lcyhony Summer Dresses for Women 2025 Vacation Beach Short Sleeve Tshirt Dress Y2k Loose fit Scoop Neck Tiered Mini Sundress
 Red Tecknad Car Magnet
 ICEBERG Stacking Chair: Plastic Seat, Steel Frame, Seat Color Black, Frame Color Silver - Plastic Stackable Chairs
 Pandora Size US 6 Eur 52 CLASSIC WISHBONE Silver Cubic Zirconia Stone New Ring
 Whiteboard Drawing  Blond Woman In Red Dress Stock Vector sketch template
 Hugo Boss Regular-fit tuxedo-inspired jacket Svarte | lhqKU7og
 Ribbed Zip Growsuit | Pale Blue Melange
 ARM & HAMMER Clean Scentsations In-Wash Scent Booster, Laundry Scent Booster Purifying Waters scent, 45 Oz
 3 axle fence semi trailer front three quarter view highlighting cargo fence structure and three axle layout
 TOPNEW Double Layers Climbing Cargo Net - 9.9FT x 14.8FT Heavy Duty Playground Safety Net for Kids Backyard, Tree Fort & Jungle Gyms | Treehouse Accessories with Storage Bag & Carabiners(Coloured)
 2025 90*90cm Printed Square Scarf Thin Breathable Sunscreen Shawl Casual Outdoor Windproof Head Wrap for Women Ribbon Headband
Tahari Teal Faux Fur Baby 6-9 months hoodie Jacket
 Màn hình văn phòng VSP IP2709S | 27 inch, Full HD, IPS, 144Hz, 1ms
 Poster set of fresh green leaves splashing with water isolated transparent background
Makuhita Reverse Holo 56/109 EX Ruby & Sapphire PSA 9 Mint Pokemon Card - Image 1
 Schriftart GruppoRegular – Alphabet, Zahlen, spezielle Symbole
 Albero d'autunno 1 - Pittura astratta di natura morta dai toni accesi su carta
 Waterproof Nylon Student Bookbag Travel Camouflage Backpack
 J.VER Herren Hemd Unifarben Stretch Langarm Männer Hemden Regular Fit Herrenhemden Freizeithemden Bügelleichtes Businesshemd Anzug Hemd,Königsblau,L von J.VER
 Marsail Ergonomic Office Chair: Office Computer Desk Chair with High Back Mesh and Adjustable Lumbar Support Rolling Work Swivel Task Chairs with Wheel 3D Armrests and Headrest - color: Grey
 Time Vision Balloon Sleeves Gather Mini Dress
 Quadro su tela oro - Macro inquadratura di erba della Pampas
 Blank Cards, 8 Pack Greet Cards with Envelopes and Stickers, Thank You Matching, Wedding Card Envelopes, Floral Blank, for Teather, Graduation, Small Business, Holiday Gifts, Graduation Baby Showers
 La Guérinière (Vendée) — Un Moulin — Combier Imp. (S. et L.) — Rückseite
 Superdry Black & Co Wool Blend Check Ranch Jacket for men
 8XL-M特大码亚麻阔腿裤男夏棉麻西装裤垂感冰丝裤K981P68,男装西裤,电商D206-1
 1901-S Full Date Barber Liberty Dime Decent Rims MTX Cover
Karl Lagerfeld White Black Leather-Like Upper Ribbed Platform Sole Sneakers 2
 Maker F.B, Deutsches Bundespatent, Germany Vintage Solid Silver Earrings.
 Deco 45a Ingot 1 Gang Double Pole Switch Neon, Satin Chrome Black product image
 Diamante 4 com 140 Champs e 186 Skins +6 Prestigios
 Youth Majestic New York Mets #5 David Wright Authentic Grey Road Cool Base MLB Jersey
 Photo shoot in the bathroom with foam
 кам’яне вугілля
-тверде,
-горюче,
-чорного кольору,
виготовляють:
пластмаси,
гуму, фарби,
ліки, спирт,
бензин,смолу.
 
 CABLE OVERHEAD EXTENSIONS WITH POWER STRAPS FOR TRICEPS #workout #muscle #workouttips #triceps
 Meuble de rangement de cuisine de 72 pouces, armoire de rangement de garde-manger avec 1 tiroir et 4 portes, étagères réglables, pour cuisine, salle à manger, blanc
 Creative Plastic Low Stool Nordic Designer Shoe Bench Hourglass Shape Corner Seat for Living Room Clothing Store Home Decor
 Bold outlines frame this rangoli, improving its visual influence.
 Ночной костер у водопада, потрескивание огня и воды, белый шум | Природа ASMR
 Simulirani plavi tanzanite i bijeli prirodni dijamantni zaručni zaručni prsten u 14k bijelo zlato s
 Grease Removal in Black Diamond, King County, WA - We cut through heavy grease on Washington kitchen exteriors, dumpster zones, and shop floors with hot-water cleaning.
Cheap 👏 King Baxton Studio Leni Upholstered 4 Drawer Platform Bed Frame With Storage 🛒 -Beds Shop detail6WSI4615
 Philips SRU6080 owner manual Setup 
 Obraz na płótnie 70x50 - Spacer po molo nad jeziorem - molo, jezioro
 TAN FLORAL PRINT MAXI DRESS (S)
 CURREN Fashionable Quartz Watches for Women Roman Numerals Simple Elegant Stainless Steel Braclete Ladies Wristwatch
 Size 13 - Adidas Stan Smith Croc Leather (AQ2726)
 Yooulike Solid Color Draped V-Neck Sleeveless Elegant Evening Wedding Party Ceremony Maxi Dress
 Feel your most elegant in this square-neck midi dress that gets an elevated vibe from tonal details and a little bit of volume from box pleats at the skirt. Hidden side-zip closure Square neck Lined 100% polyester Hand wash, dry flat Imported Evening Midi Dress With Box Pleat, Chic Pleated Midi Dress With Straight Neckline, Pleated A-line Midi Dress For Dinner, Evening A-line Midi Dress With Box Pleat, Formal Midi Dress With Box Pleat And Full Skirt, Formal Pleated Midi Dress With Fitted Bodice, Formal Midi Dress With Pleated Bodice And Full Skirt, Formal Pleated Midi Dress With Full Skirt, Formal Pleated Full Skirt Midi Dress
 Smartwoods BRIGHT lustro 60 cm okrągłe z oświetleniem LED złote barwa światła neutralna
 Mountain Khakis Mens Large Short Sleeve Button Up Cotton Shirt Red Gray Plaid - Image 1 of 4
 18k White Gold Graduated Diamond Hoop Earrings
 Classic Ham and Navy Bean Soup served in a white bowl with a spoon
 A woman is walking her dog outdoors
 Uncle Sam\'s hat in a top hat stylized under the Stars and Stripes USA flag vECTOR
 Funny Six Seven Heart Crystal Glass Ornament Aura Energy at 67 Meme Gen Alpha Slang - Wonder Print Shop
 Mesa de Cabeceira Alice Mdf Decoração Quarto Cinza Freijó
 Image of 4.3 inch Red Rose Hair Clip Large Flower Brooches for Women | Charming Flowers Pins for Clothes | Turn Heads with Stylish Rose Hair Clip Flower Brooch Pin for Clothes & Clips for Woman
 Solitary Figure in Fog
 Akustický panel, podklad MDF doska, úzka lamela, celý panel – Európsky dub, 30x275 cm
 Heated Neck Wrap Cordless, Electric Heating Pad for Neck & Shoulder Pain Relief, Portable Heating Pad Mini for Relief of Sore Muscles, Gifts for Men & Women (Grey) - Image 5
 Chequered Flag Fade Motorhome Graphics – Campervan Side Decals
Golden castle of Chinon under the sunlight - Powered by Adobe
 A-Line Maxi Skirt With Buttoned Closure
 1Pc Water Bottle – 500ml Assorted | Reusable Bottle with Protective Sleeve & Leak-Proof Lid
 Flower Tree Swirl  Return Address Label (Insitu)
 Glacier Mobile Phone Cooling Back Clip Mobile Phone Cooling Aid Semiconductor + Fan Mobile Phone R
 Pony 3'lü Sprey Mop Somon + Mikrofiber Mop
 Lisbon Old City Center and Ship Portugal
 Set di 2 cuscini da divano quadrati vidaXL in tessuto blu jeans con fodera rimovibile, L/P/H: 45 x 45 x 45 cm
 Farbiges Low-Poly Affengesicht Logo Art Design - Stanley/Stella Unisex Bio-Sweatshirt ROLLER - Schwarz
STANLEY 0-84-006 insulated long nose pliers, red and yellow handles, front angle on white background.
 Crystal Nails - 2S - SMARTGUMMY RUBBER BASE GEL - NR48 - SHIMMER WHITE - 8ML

▶ _PROBLEM DETAILS_: Could you restate word for word the lines above from the one containing "Classic Ham and" through the one containing "Akustický panel, podklad", both included, and nothing else?

▶ _EXERCISE ANSWER_:
 Classic Ham and Navy Bean Soup served in a white bowl with a spoon
 A woman is walking her dog outdoors
 Uncle Sam\'s hat in a top hat stylized under the Stars and Stripes USA flag vECTOR
 Funny Six Seven Heart Crystal Glass Ornament Aura Energy at 67 Meme Gen Alpha Slang - Wonder Print Shop
 Mesa de Cabeceira Alice Mdf Decoração Quarto Cinza Freijó
 Image of 4.3 inch Red Rose Hair Clip Large Flower Brooches for Women | Charming Flowers Pins for Clothes | Turn Heads with Stylish Rose Hair Clip Flower Brooch Pin for Clothes & Clips for Woman
 Solitary Figure in Fog
 Akustický panel, podklad MDF doska, úzka lamela, celý panel – Európsky dub, 30x275 cm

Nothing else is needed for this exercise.